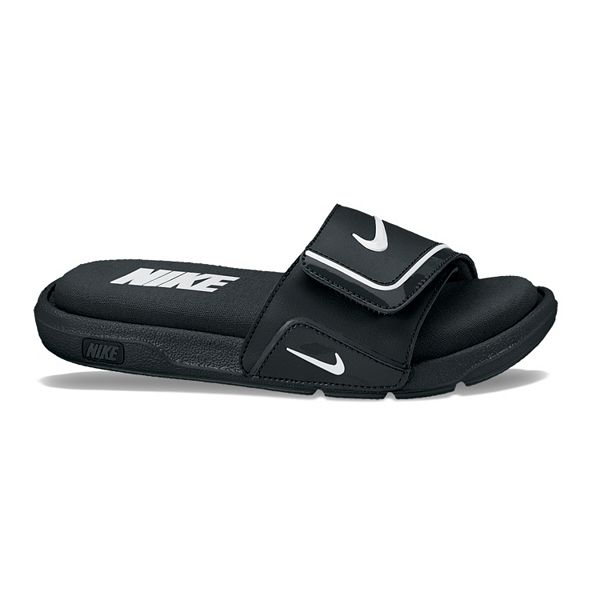 Duplicación fragmento contacto Nike Comfort Boys' Slide Sandals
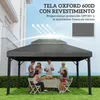 Ersatzdach für Pavillon 4 x 3 m - Pavillon-Dach - Produktbild-Vorschau 6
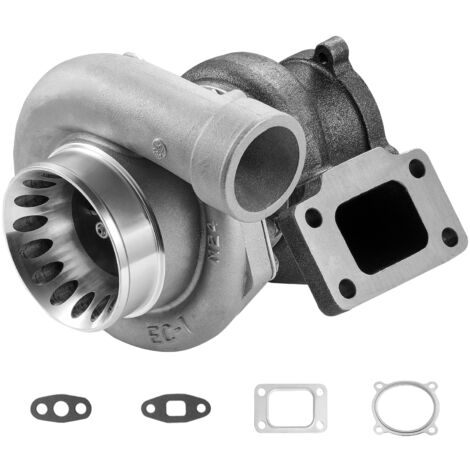 Mophorn Kit turbocompressore con guarnizione, sostituzione per motori da 2,5 l a 6,0 l, turbo resistente al calore con girante in lega K418 (1/5)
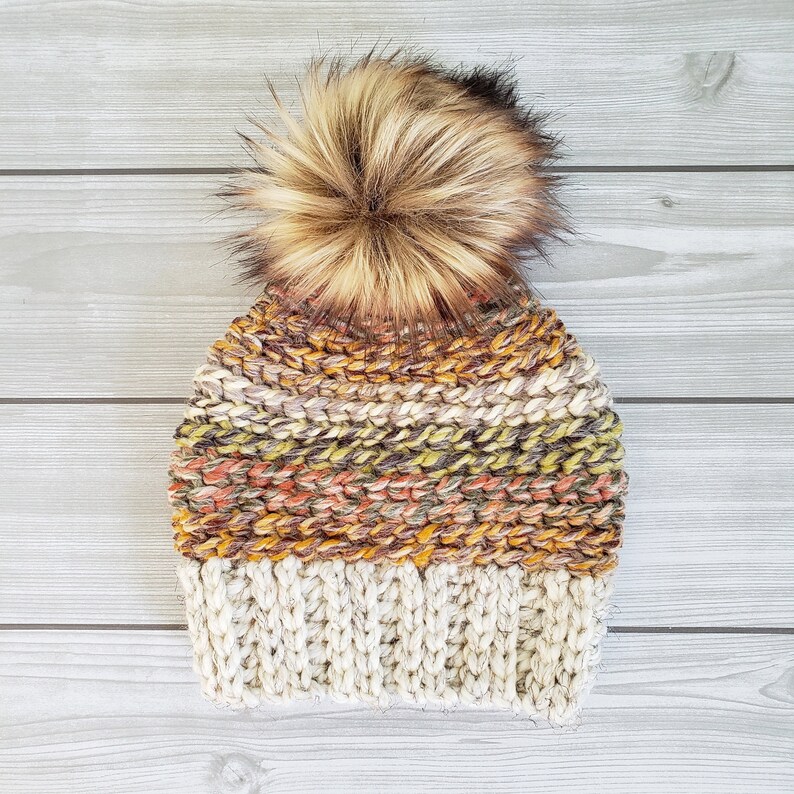 Margot Beanie Crochet Pattern: Chunky Winter Hat (PDF Pattern) image 4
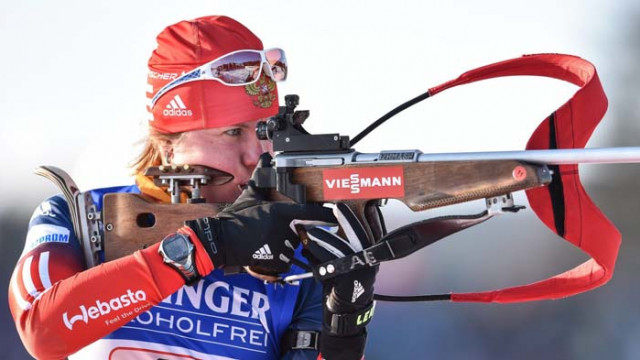 КАС свали доживотните забрани на три руски биатлонистки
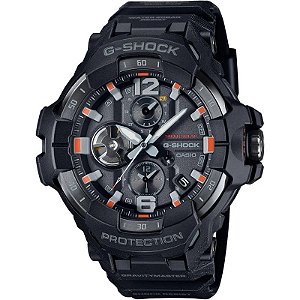 Relógio Casio Analógico GR-B300EC-1ADR - Preto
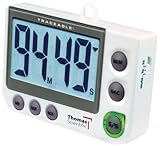 Thomas 5013 Traceable Flash LED Alert Big-Digit Alarm Timer, 0.01 Percent Accuracy, 2-1/4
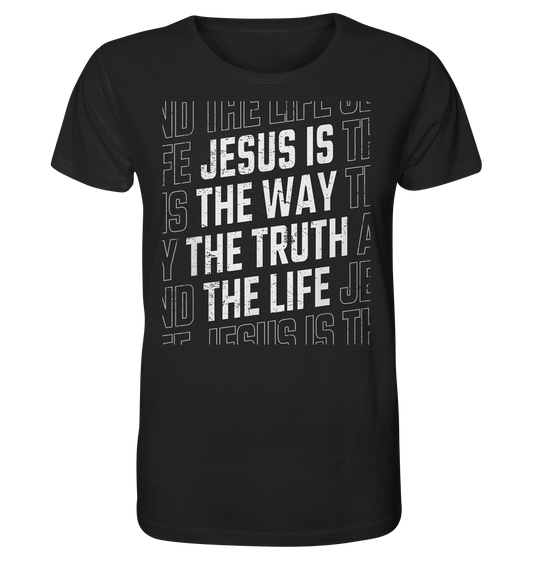 Jesus is the Way - Herren Premium Shirt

• • •

--- What you need to do ---
Pictures are to be dropped, and every record is to be copied exactly.

--- Task answer ---
 Duplicación fragmento contacto Nike Comfort Boys' Slide Sandals
 Ersatzdach für Pavillon 4 x 3 m - Pavillon-Dach - Produktbild-Vorschau 6
 Mophorn Kit turbocompressore con guarnizione, sostituzione per motori da 2,5 l a 6,0 l, turbo resistente al calore con girante in lega K418 (1/5)
 Margot Beanie Crochet Pattern: Chunky Winter Hat (PDF Pattern) image 4
 КАС свали доживотните забрани на три руски биатлонистки
 Relógio Casio Analógico GR-B300EC-1ADR - Preto
 Thomas 5013 Traceable Flash LED Alert Big-Digit Alarm Timer, 0.01 Percent Accuracy, 2-1/4
 Jesus is the Way - Herren Premium Shirt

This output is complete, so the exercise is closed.